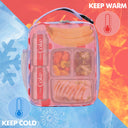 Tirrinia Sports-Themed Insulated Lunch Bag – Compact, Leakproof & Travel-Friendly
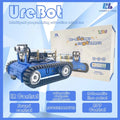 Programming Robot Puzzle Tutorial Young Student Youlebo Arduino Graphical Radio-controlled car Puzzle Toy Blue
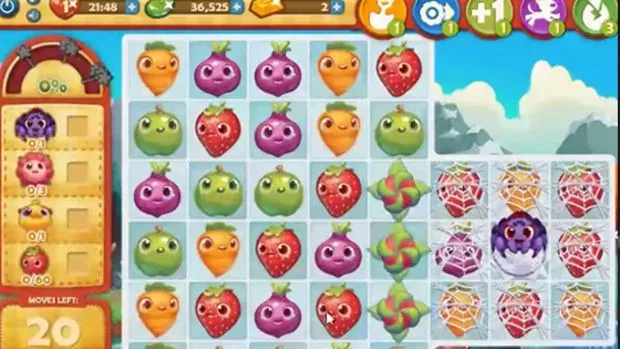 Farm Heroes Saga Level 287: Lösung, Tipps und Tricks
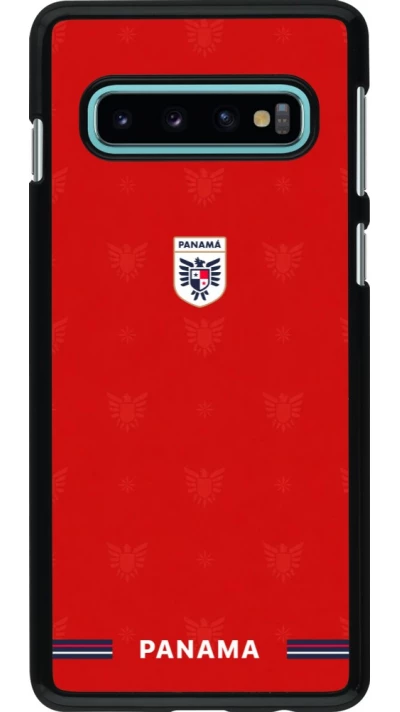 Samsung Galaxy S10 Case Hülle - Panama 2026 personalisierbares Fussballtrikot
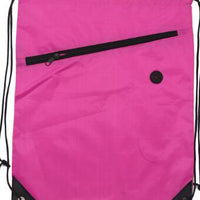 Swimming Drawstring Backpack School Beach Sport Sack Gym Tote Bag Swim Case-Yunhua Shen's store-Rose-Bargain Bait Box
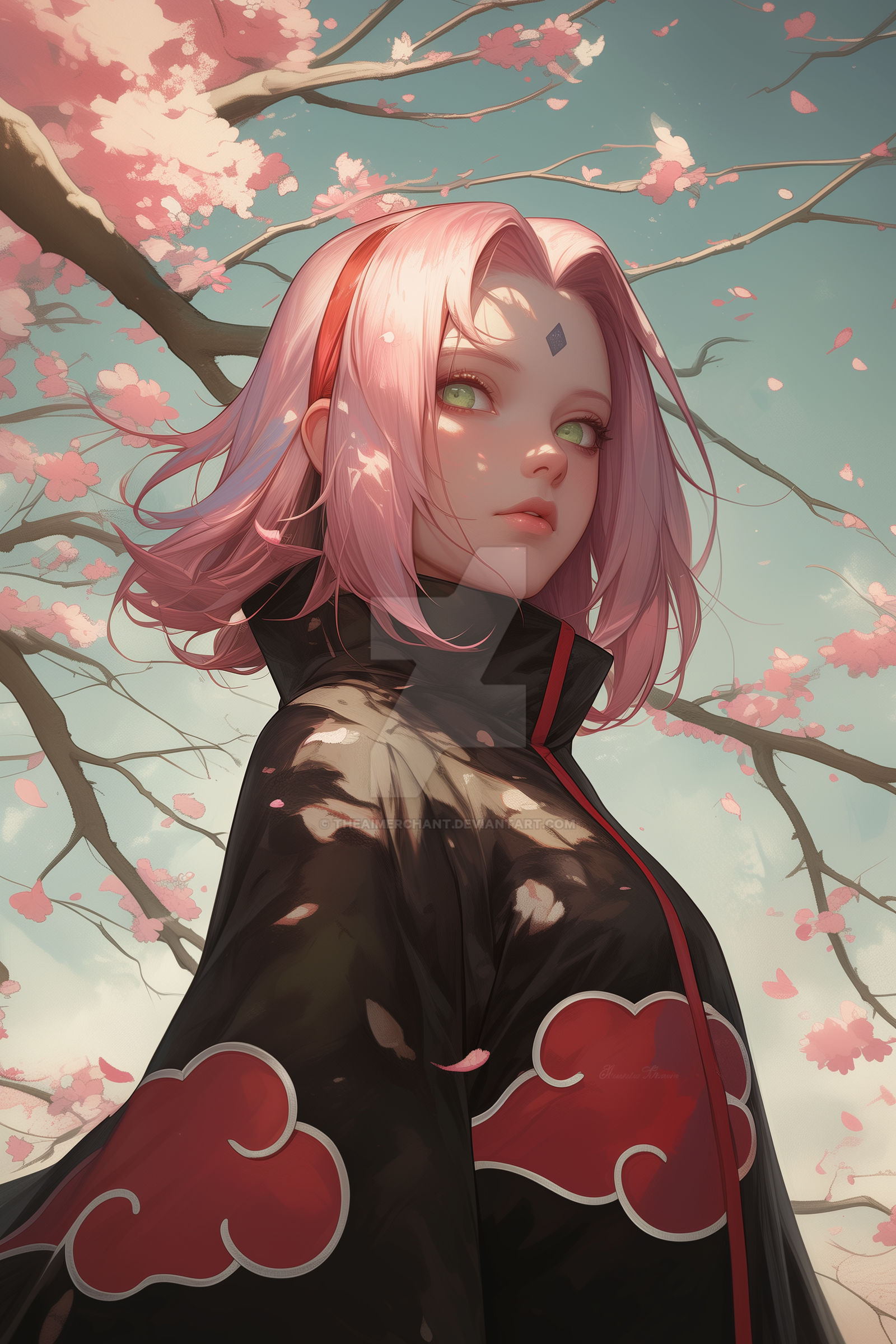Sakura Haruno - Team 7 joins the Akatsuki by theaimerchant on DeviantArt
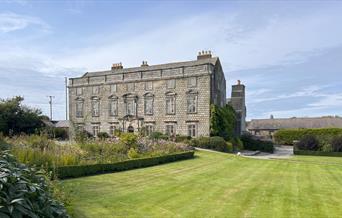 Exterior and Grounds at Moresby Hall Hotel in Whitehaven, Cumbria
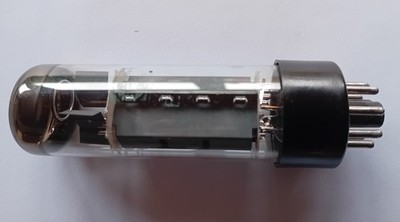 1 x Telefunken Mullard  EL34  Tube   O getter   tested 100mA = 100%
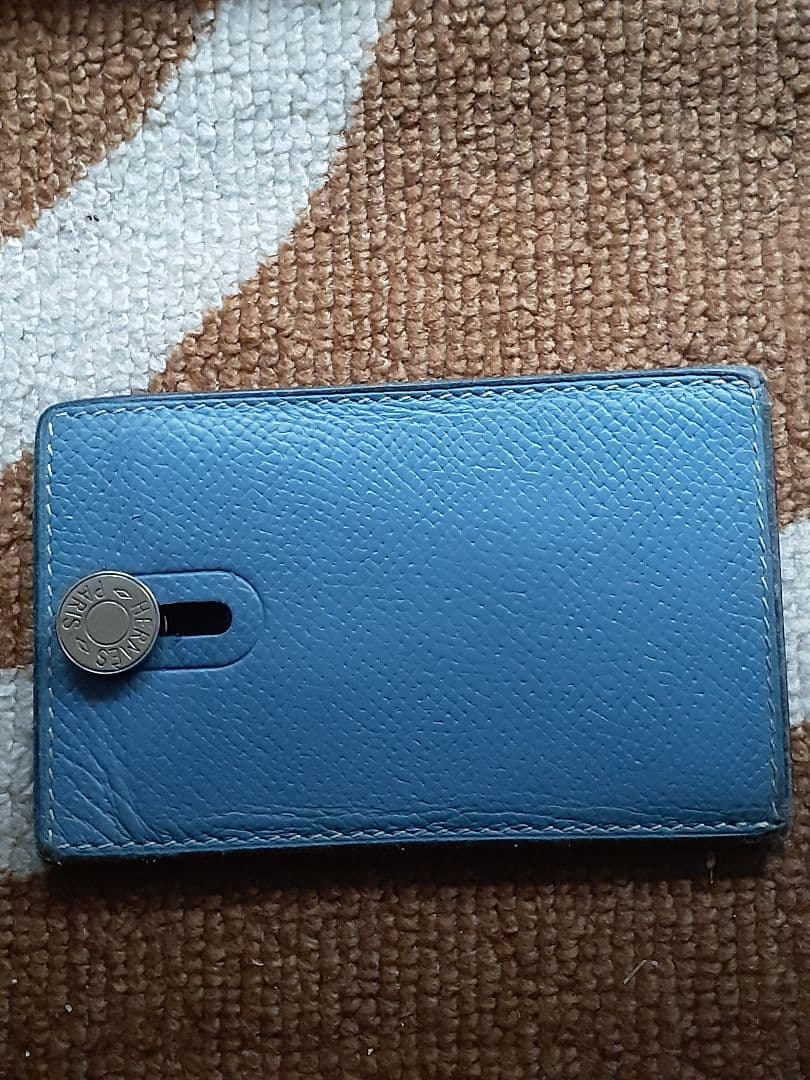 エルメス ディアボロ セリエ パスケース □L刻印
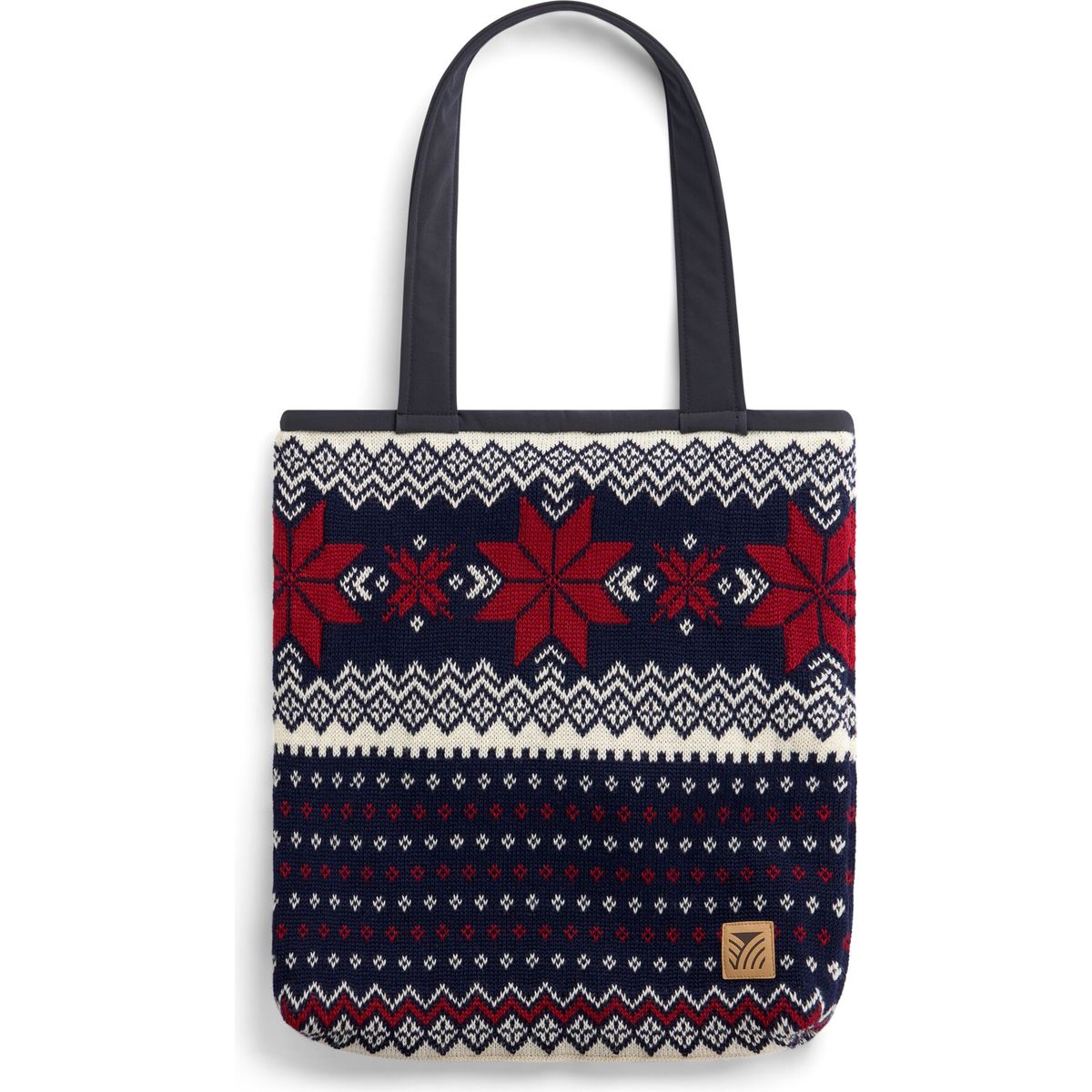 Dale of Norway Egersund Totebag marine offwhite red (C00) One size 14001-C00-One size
┄┄┄┄┄┄
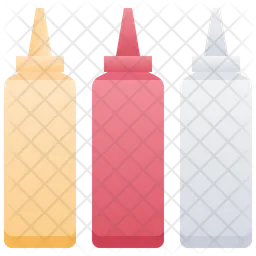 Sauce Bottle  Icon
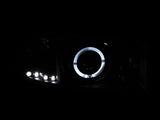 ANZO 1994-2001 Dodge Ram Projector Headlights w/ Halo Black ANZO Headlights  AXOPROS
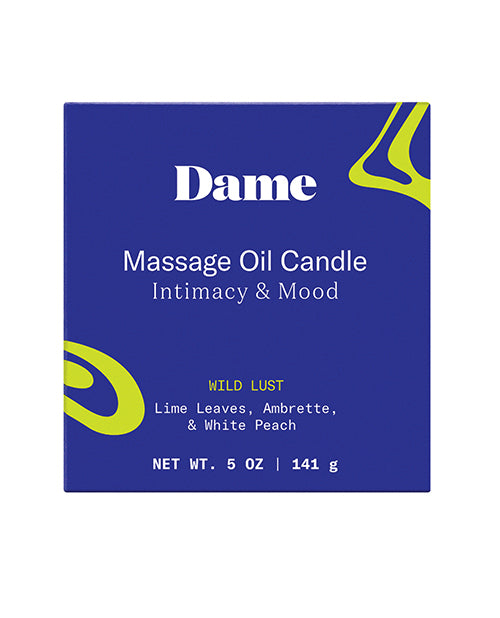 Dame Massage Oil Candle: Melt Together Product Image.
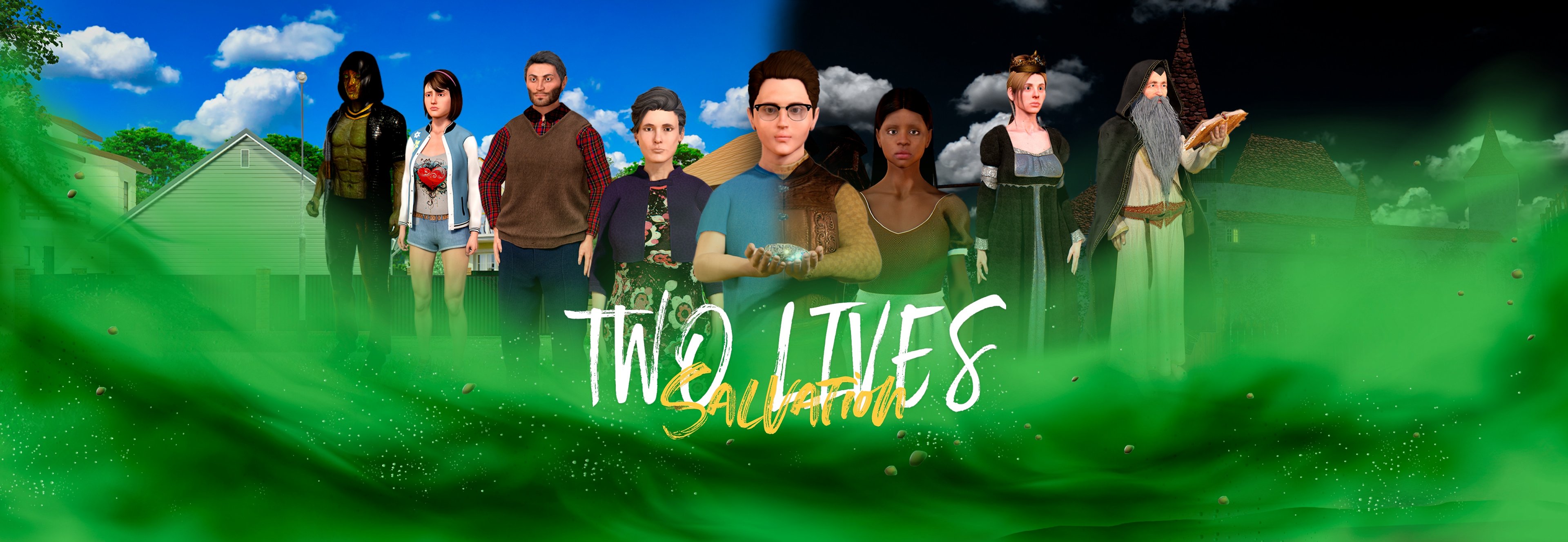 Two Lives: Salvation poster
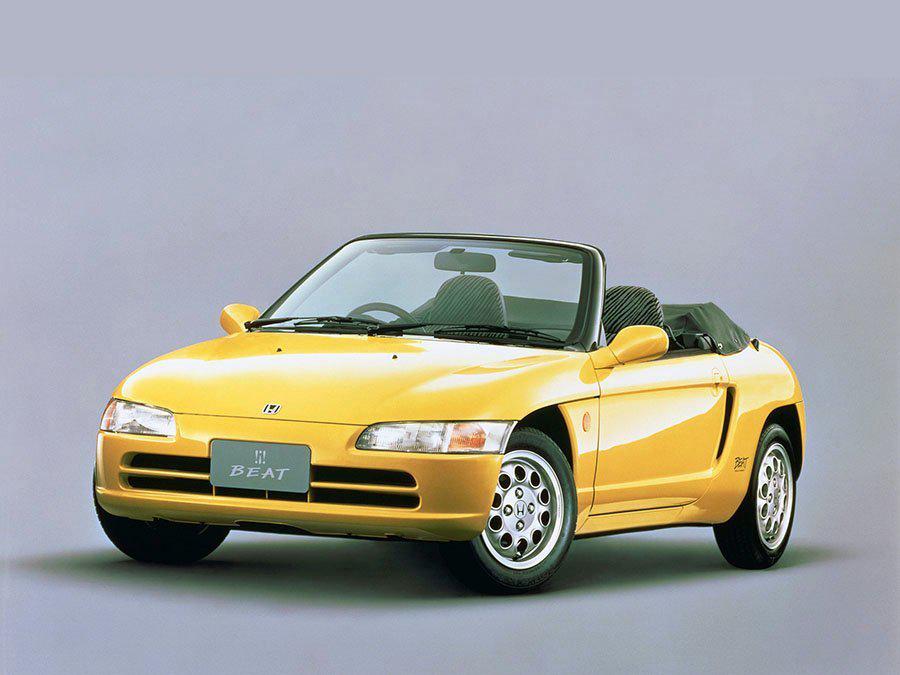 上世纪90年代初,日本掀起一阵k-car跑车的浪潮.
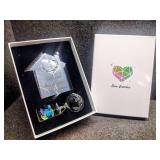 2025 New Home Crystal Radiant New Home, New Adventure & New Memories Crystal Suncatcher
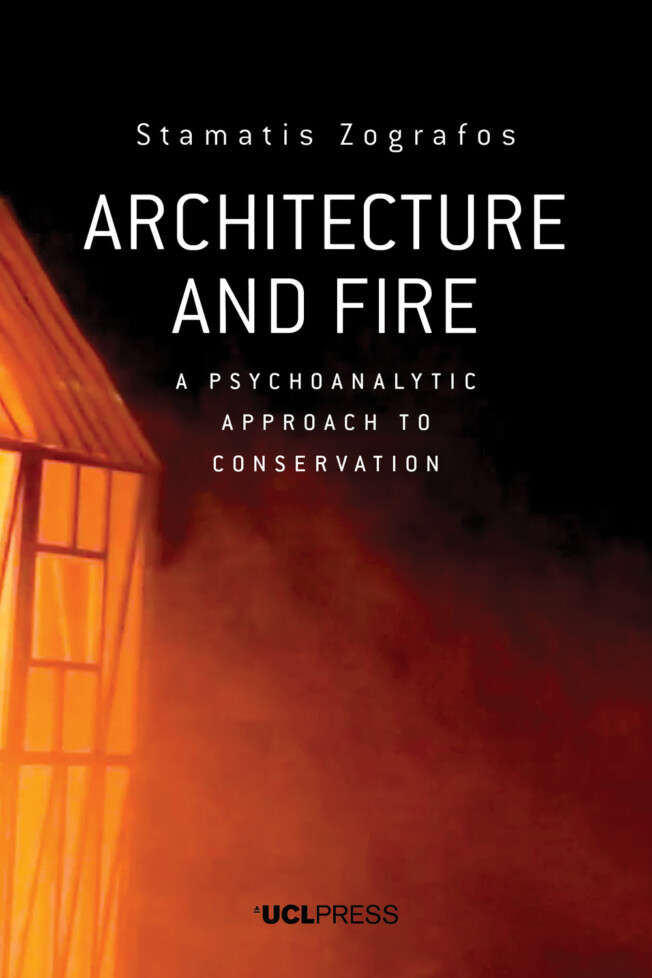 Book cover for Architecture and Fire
┄┄┄┄┄┄
Please transcribe exactly the part of the records that opens with the line containing "Swimming Drawstring Backpack" and closes with the line containing "Dale of Norway", both ends included, and leave out the pictures.

TASK ANSWER:
 Swimming Drawstring Backpack School Beach Sport Sack Gym Tote Bag Swim Case-Yunhua Shen's store-Rose-Bargain Bait Box
Sakura Haruno - Team 7 joins the Akatsuki by theaimerchant on DeviantArt
 Exterior and Grounds at Moresby Hall Hotel in Whitehaven, Cumbria
 1 x Telefunken Mullard  EL34  Tube   O getter   tested 100mA = 100%
 エルメス ディアボロ セリエ パスケース □L刻印
 Dale of Norway Egersund Totebag marine offwhite red (C00) One size 14001-C00-One size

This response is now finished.